Он вновь и вновь перебирал в памяти каждую их встречу, от первой у бассейна до последней у дверей ее каюты. Теперь многое становилось ясным: ее безграмотность в журналистике, ее осторожные вопросы с целью выведать, как он относится к своей стране, к деньгам, как понимает свободу, что думает о заграничной жизни. Она интересовалась, есть ли у него родственники, кто, как он к ним относится, доволен ли своим положением, нет ли обид.
Ему казалось это естественным. Два подружившихся человека рассказывают друг другу о себе. Она же не спрашивала его о военных базах и полигонах, черт возьми!
Да и русский она наверняка знала, конечно же, она была русской! Он припоминал незначительные на первый взгляд эпизоды, мелочи...
А потом начал вспоминать другое...
Как он вел себя? Не сказал ли, не сделал ли чего-нибудь, в чем потом стал бы раскаиваться? Ведь есть вещи, невинные в кругу друзей, товарищей, даже соотечественников, но недопустимые а ином кругу. А тем более в общении с человеком, который только и ждет, чтоб ты споткнулся.

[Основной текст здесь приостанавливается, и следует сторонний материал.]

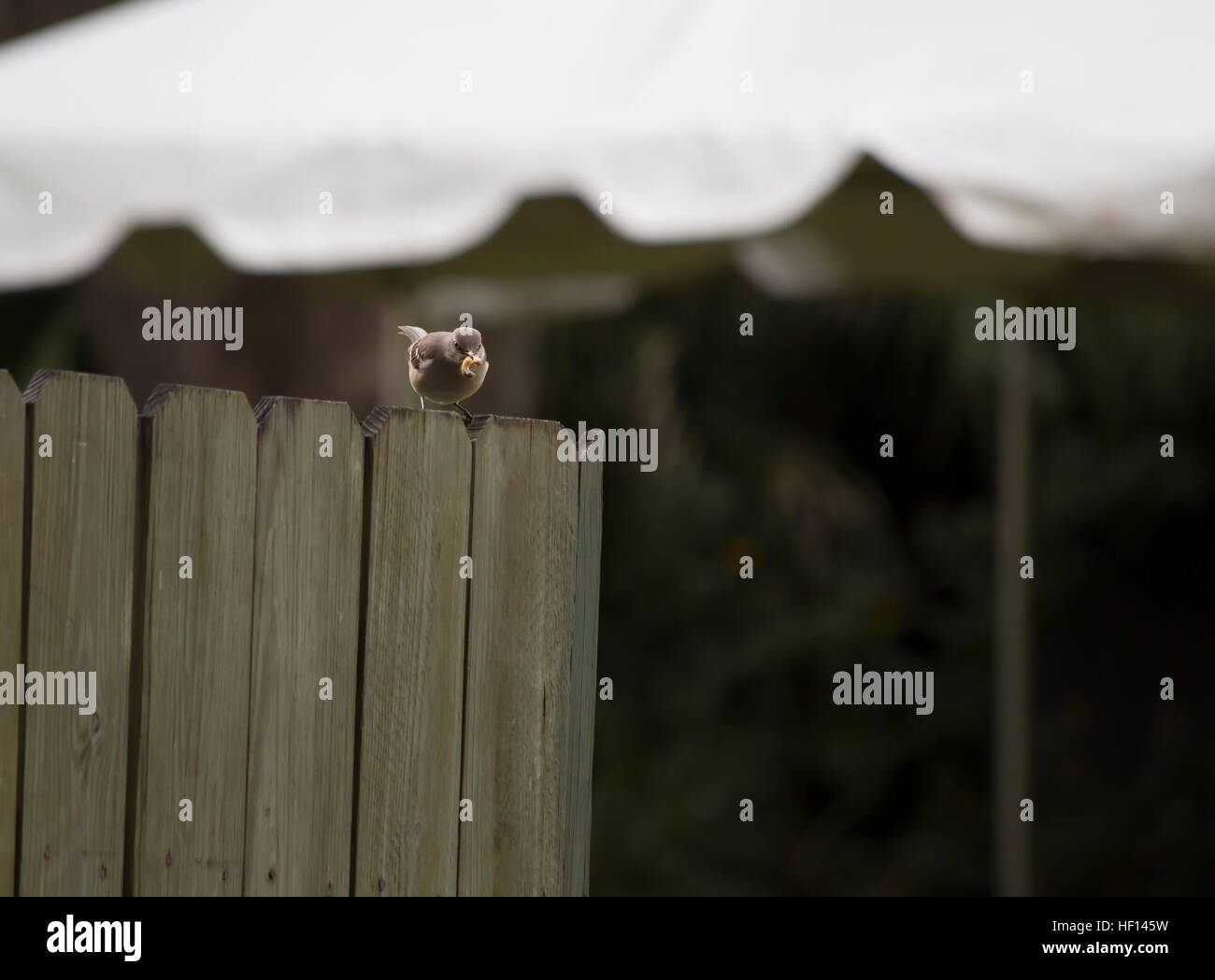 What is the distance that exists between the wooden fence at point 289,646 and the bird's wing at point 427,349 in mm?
151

Придирчиво и беспощадно припоминал все беседы, свои высказывания, даже свои шутки. Строго судил все. Нет, ни в чем он не мог себя упрекнуть! Был он с ней вежлив, доброжелателен. Говорил о разных вещах,, избегая политики, избегая задеть ее, как он думал, французский патриотизм.
Всплыли новые детали, новые мелочи, на которые он не обращал внимания. Настроение Мари, ее страх, ее расспросы и порой растерянность, когда она слышала ответы. Ее склонность к вину. Ее первые попытки увлечь его, уступившие место откровенной заинтересованности.